Je choisis une casquette avec une doublure. A la place j'allais mettre ma Douce ! C'était juste la bonne taille. Sauf pour les oreilles. Mais je n'avais pas le choix. Je laissais dépasser, façon chapka, mais en rose. Au collège, ma chapka, ça passerait facile, entre les pulls troués, les jeans déchirés, les piercings au nombril. Je me regardais dans la glace, caressant les oreilles de ma Fluffie qui dépassaient de la casquette.

  • Tu m'as sauvé la vie. Je n'oublierais jamais.

Lorsque le soir venu j’ouvris la porte, je trouvais mon père affalé sur le canapé. Il regardait la télévision et se gavait, la bouche ouverte et l’oeil éteint, piochant distraitement dans un paquet de chips avant d’enfourner ces trucs graisseux, toute la difficulté étant de ne rien laisser tomber, sans perdre une miette de l’émission.

— Tu es là, Béatriche ? C'est jolie, ça, ta cachquette. Che suis renchtré tôt aujourd’hui ! Ils n’avaient plus besoin de moi au bouchlot.

J’allais exploser, ou bien le passer à la machine avec cette lessive de la publicité, qui lavait aux enzymes gloutonnes et laissait le linge propre et doux comme au bon vieux temps, mais je restais froide.

— Tu n’es pas mon père. Mon père était chercheur. Il portait une grande barbe. Toi, tu es juste mal rasé. Il était drôle. Il racontait des tas d’histoires. Il ne passait pas son temps à dormir et à manger des cochonneries.

Mon père reposa le paquet sur la table basse.

— Mais, Béatrice, il faut prendre les choses plus cool. Tu dois te reposer, te reconstruire. Enfin, c’est ce qu’a dit le docteur.

— Je ne sais pas si c’est moi qui dois me reconstruire… Peut-être parlait-il… de toi ?

— Béa, je peux t’aider à faire tes devoirs si tu veux. Tu as reçu les résultats de ton contrôle ?

J’ai rougi à nouveau. Et j’ai menti.

— Non. Pas encore.

Je ne sais pas si mon père m’a cru. Il m’a regardé bizarrement. J'en ai rapidement rajouté une couche, bien épaisse, dans le genre salé-pimenté, pour faire diversion et qu'il oublie un peu ma copie. Je secouait la tête, faisant valser les oreilles de Fluffie.

— Et non, je ne veux pas que tu m’aides. Tu es nul en maths. Tu as toujours été nul en maths, depuis tout petit. C’est toi qui le dis. Alors, pourquoi voudrais-tu m’aider ? Avant, mon père était excellent en maths, et il ne m’aidait jamais.

— Béatrice, l’homme que tu décris n’existe pas. Je te propose une chose.
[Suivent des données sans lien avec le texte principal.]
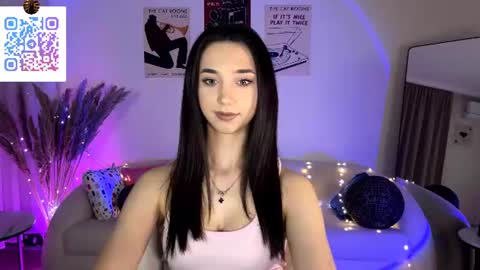 Lina online show from July 2026 10:23:02 PM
Faisons comme avant ! On regarde un peu la télévision, et puis, on fait tes devoirs.

Je ne pouvais pas lutter indéfiniment contre ces souvenirs irréconciliables. Il fallait trouver une issue. Rentrer dans le jeu ?

— D’accord.

— Ha ! Enfin. Tu as de la chance, Question pour un Lampion va commencer. J’adore cette émission ! Tu connais le principe ? L’animateur pose une question, et le premier qui a la réponse appuie sur le poussoir, qui allume le lampion. Il doit alors donner la bonne réponse. Ça ira ?

— Pff…

Assise au fin fond du canapé, je regardais d’un œil noir mon paternel, qui attendait, le regard fixe. J’essayais désespérément de retrouver en lui quelque chose de l’homme qu’il était.
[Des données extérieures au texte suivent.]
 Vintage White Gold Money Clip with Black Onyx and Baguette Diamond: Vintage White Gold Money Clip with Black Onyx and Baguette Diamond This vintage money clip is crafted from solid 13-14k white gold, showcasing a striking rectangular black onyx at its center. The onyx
L’émission commençait. Le présentateur vedette Philibert Persil entrait sur le plateau, sautillant sportivement et saluant la foule, cheveux gominés, sourire ultra-bright.

— J’espère que vous avez la super-pêche ! Bienvenue à Question pour un Lampion, et un tonnerre d’applaudissements pour notre Lampionne et notre Lampion du jour, je veux parler de Madame Juste Hunne et de Monsieur Côme Parazar, le vainqueur de notre dernier championnat !

— Clap-Clap-Clap-Clap !

— Merci pour eux, ils le méritent !

— Pas trop tendus ? Juste un peu, Côme-ci Côme-ça ? Ha ha ! Je serais même prêt à tricher pour vous voir revenir, tiens. Mais là, je vais vous poser une question trrrèès difficile, alors êtes-vous prrrêts ?
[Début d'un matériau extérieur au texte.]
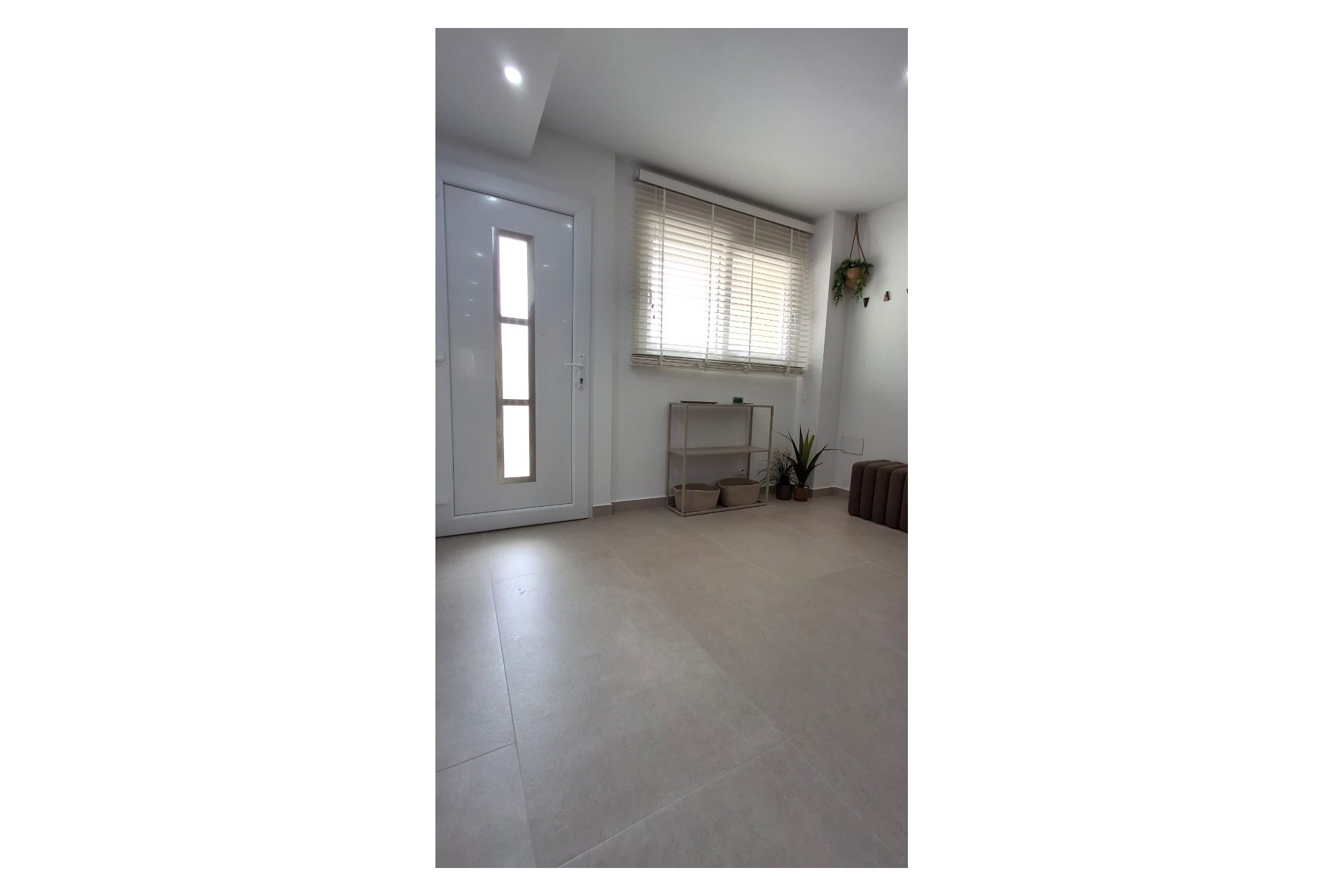Resale - Apartment  - Torrevieja - Playa Acequion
Les deux concurrents se concentraient, l’air sérieux, les mains déjà sur le poussoir du lampion.

— Dannns quelllles circonstances… fut-découvert-le-principppe… du-micro-onnnde ?

Visiblement, Juste et Côme n’avaient pas la réponse, et c’est mon père qui a répondu ;

— Ça c’est facile, par accident, dans une usine qui fabriquait des radars.

Je le regardais, n’en croyant pas mes oreilles.

— Mais comment est-ce que tu sais ça ?

— Je ne sais pas. Je le sais, c’est tout. C’est important ?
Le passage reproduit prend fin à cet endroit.